Jackson also talks about Easy Office, which can also be had for free. It's a bit more robust, but it comes with a "nag screen," a screen that asks you to upgrade to for sale version with more features and abilities. Of the two options, I'd go with Open Office. It will cover what students need to do in most writing courses. With either Open or Easy, you can order a CDROM instead of trying to download the software over the Net. There's a small fee for pressing and shipping the CDR, but if you have a dial up connection, it's still a very inexpensive option.

Here's how to find these resources:

OpenOffice http://www.openoffice.org/

EasyOffice http://www.e-press.com/

Sunday, June 13, 2004

Electronic Scholarly Publishing

Sony's new "eink" reader
It's light, portable, the battery lasts, and most importantly, the resolution is the same as print.

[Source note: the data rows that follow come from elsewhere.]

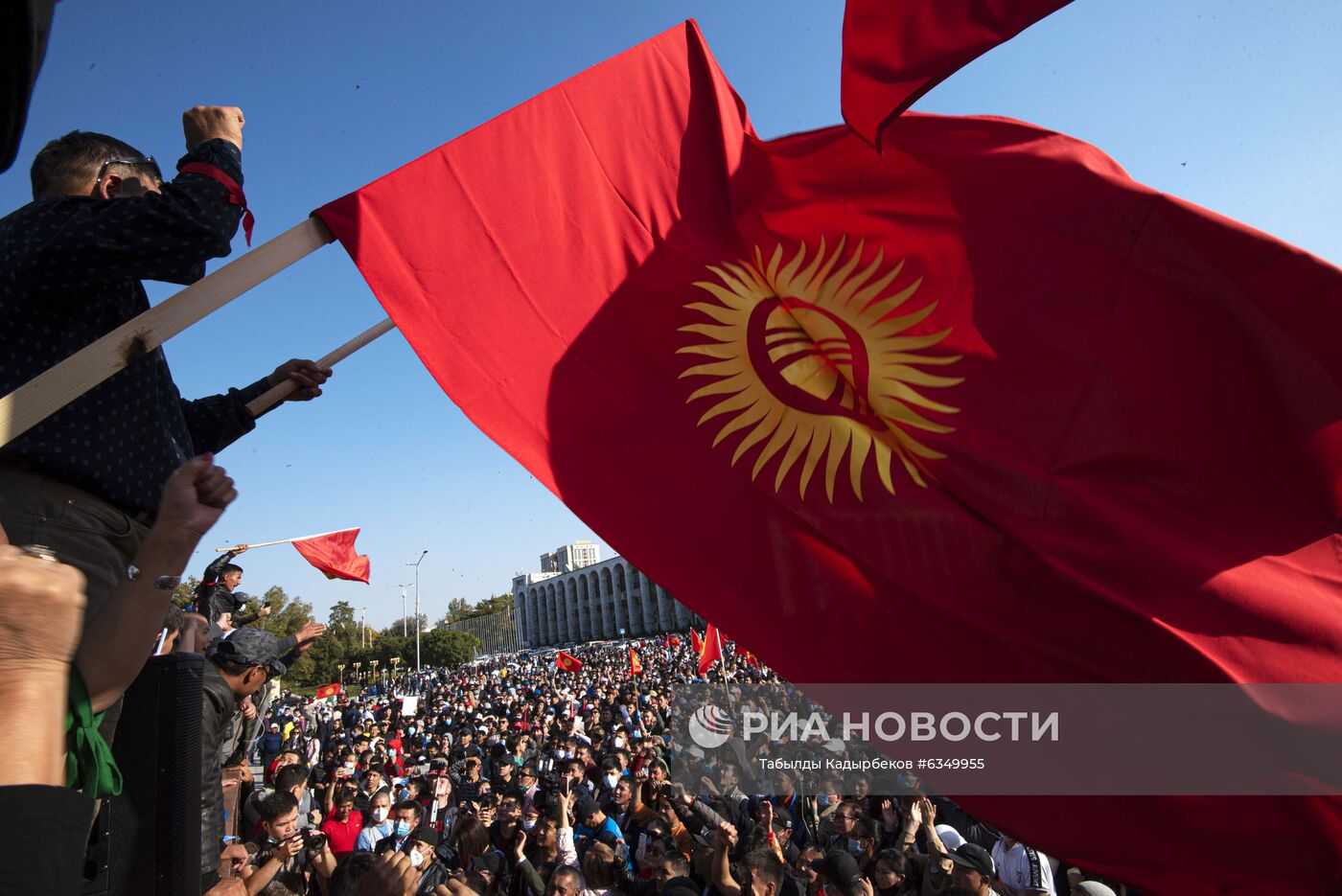 Участники акции протеста в Бишкеке. Протестующие требуют аннулировать итоги парламентских выборов. Место: Киргизия, Бишкек. Автор: Табылды Кадырбеков/Sputnik/РИА Новости. Протесты в Бишкеке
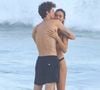 Shawn Mendes aparece com bermuda preta e estilo despojado durante dia de praia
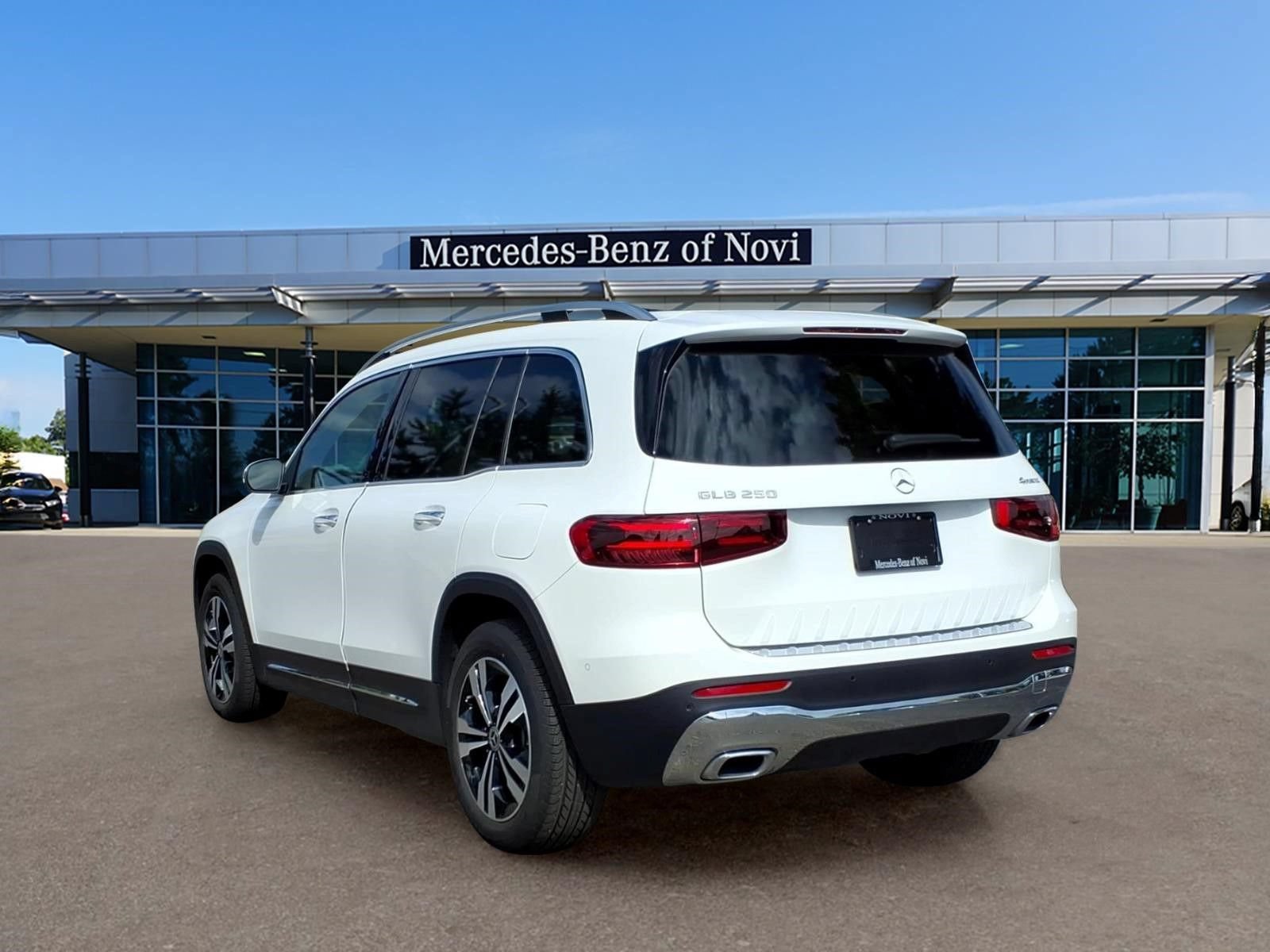 Certified 2025 Mercedes-Benz GLB 250 4MATIC image 3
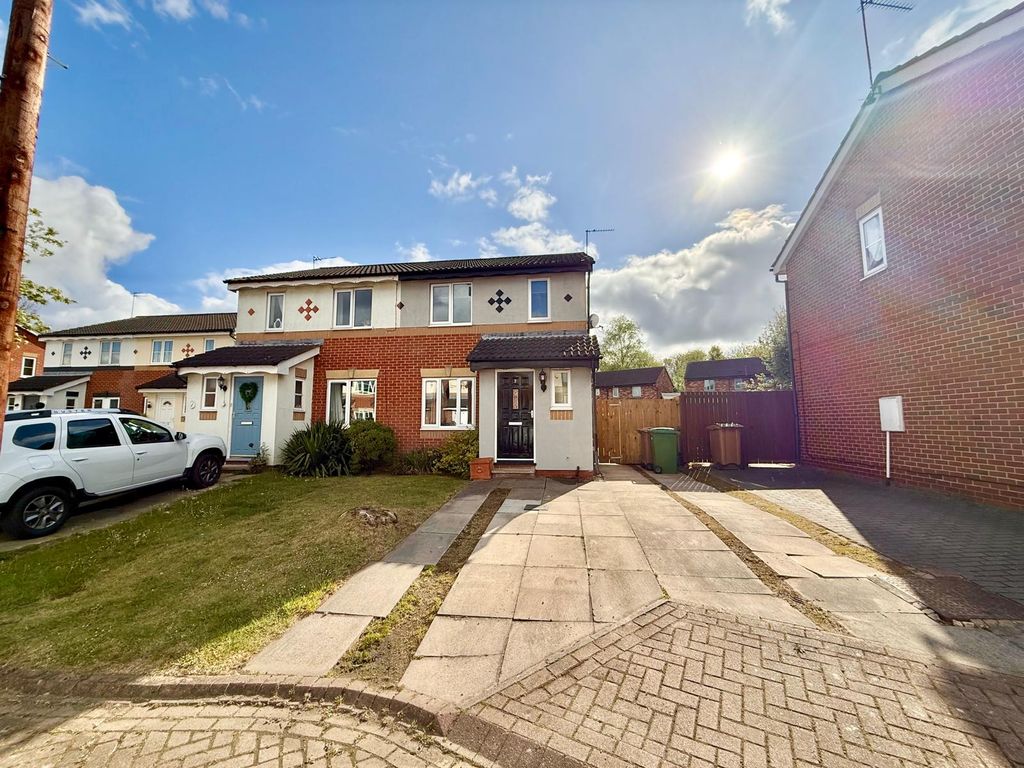 Property photo 2 of 19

Eventually, devices like this will set a new standard for reading that will combine the advantages of digital reading -- hypertext, multimedia, lightness, among others -- with some of (not all) the pleasures of reading print that are so far lacking in reading on or from a laptop or current handheld computer for example.

Thursday, March 11, 2004

CCCC Position Statement on Teaching, Learning, and Assessing Writing in Digital Environments
http://www.ncte.org/groups/cccc/featuredinfo/115775.htm Very useful statement of principles and responsibilities that can help departments and colleges plan and improve online teaching.

Monday, February 23, 2004

Practical Tips on Teaching w/ Technology

Tuesday, February 03, 2004

Students vs. Turnitin.com

Student Battles Mandatory Use of Turnitin.com

This article from CNN covers the story of a McGill University (up in Canada) student who refused to submit his paper to Turnitin.com. His professor decided to give him an F for not submitting his papers; however, the student appealed the grades and their rationale, and the university ordered the professor to accept the papers and grade them.

Tune Up Turnitin


This essay by Anna Edens in the Technician, the student newspaper at North Carolina State, applauds the actions of the student at McGill and congratulates the NC State English Department for ending their use of Turnitin.com.